Input data Block Start

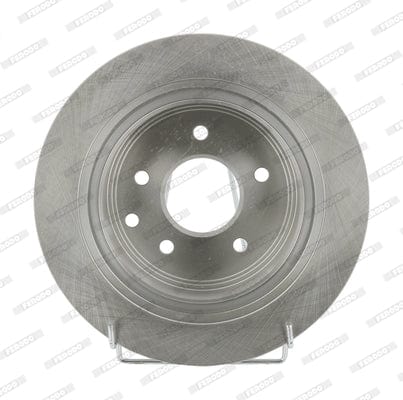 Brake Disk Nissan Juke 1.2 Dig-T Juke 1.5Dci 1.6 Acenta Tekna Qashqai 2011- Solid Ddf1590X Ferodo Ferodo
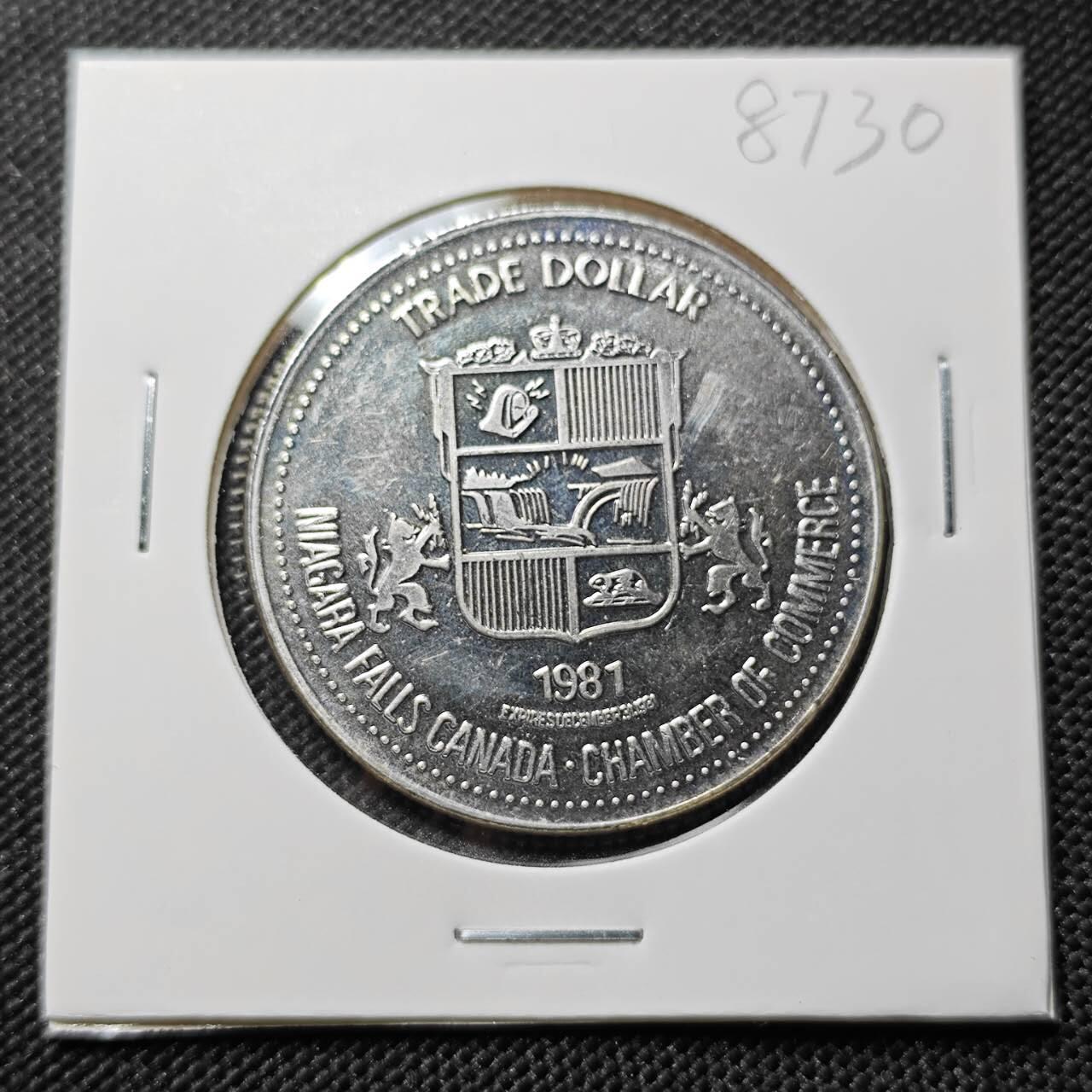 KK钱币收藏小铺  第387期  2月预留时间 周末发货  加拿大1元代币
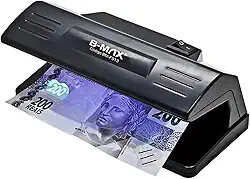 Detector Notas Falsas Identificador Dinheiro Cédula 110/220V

Input data Block End
Input data Block Start

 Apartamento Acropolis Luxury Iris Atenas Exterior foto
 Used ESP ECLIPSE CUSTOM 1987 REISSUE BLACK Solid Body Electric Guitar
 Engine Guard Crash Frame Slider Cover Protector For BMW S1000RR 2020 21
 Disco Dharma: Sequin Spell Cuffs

Input data Block End
Input data Block Start

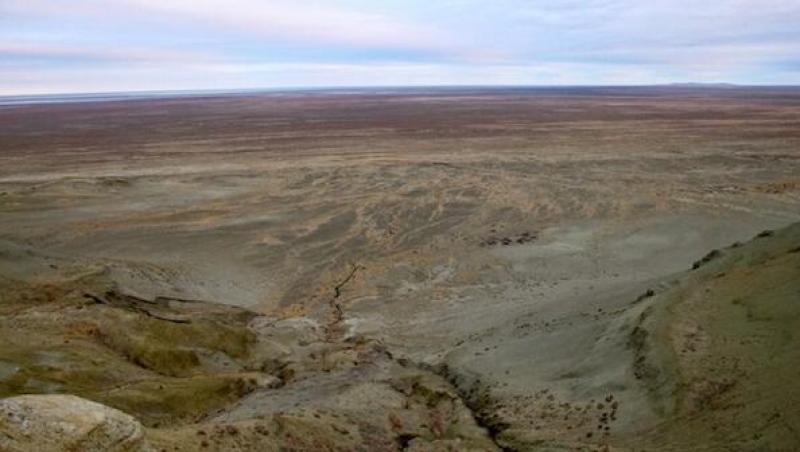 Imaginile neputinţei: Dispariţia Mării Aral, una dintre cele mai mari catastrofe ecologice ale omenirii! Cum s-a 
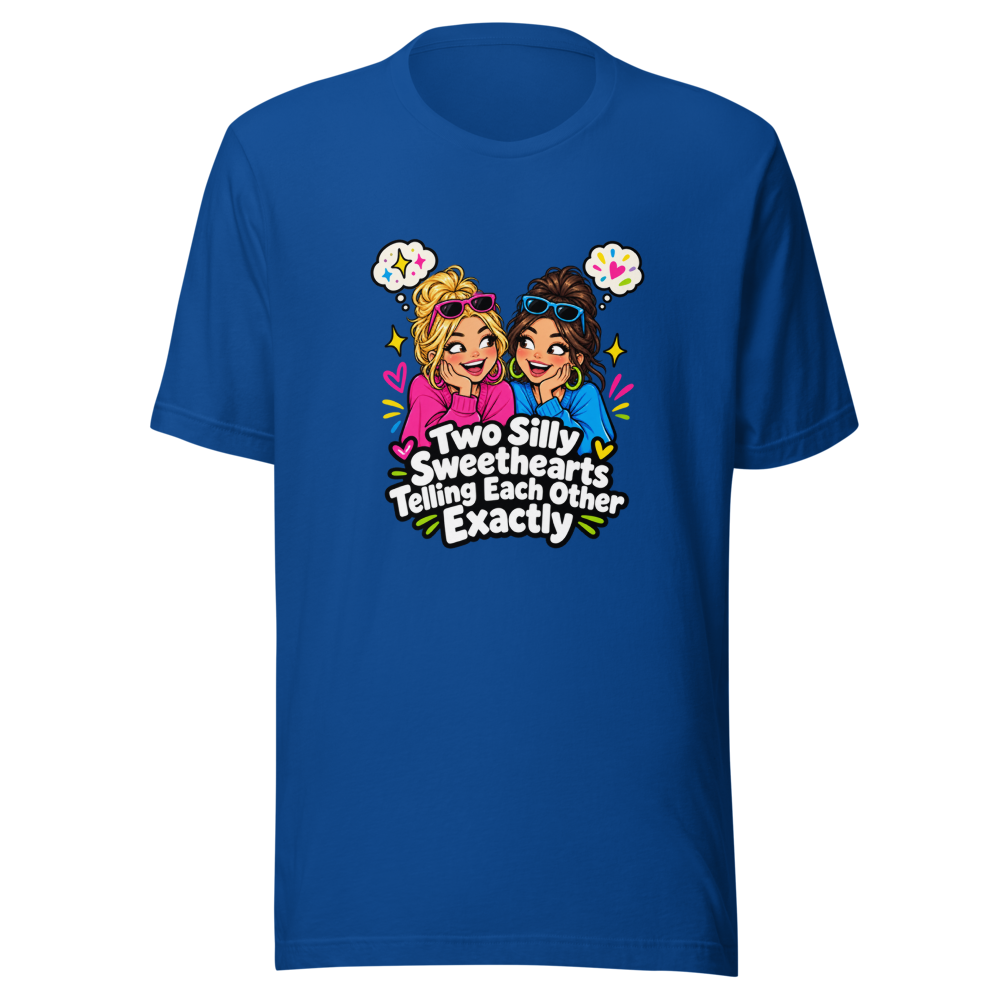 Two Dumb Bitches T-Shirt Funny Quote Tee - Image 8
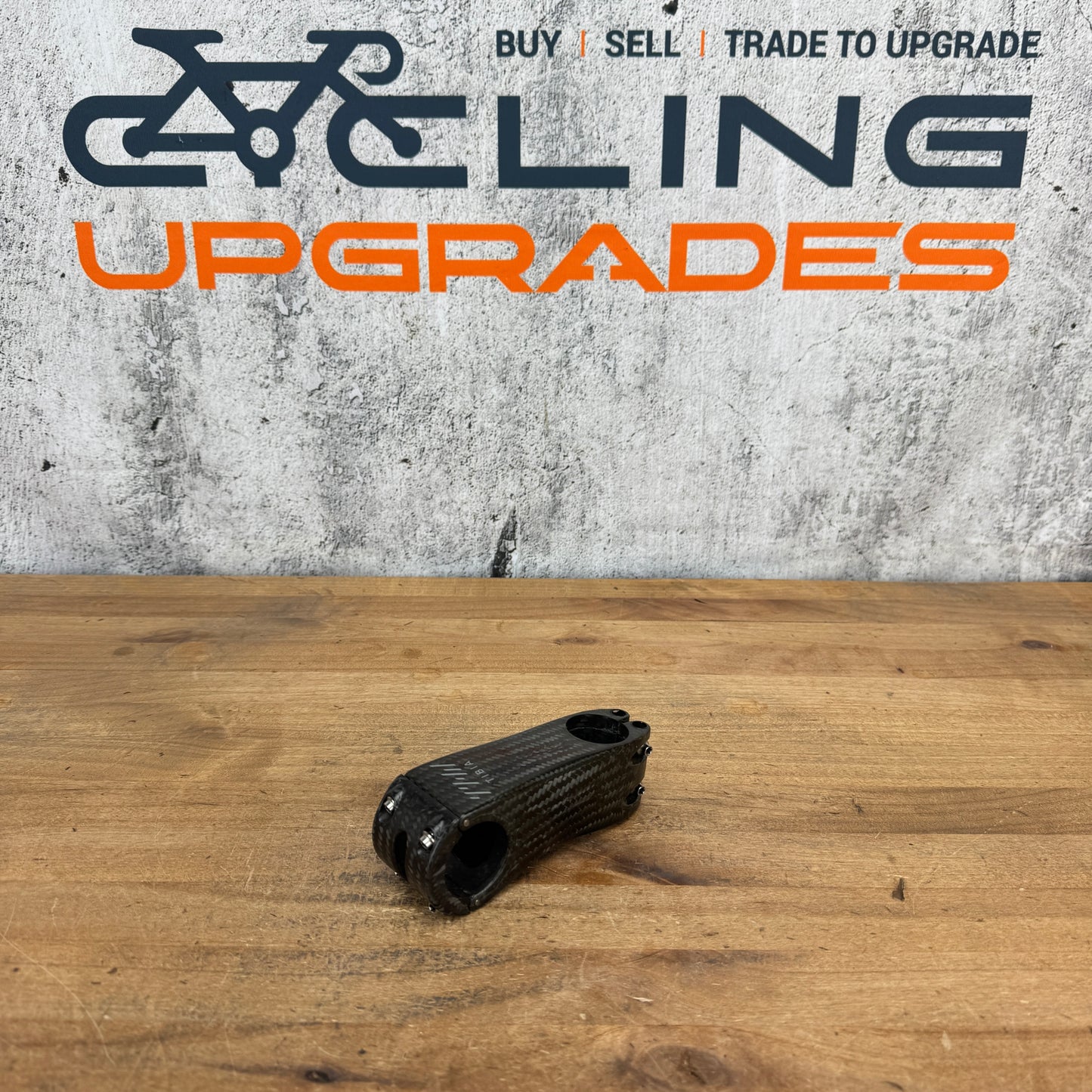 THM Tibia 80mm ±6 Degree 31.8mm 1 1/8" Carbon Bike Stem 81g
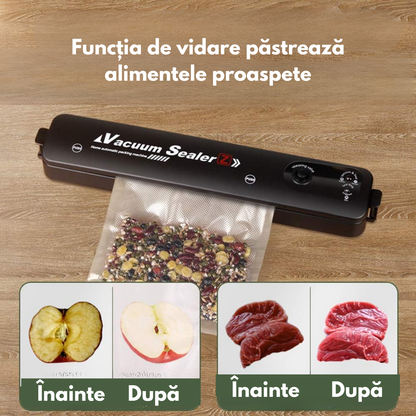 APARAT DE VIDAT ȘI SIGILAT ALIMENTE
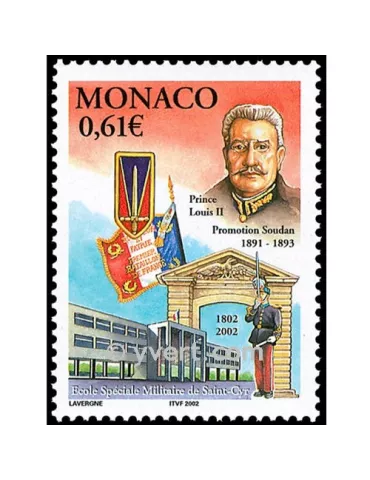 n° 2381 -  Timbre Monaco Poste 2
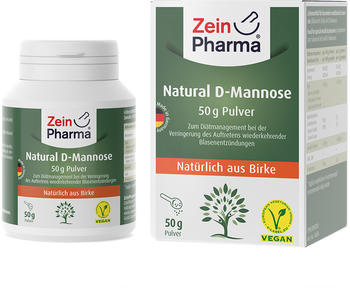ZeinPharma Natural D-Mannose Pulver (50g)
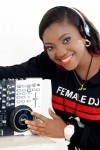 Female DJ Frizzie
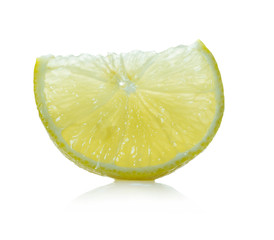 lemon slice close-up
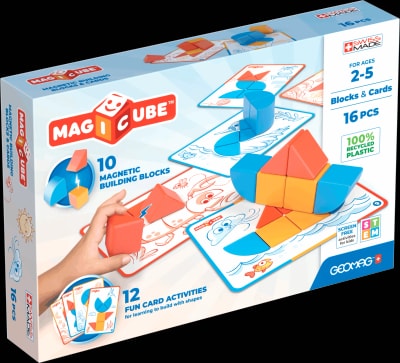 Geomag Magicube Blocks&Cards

Input data Block End

Work required: Since the pictures are not part of the copy, please transcribe only the lines above from the one with "THM Tibia 80mm" through the one with "Geomag Magicube Blocks&Cards", exactly and with both ends.

Answer to this exercise:
 THM Tibia 80mm ±6 Degree 31.8mm 1 1/8" Carbon Bike Stem 81g
 APARAT DE VIDAT ȘI SIGILAT ALIMENTE
 n° 2381 -  Timbre Monaco Poste 2
ZeinPharma Natural D-Mannose Pulver (50g)
 Female DJ Frizzie
 lemon slice close-up
 Geomag Magicube Blocks&Cards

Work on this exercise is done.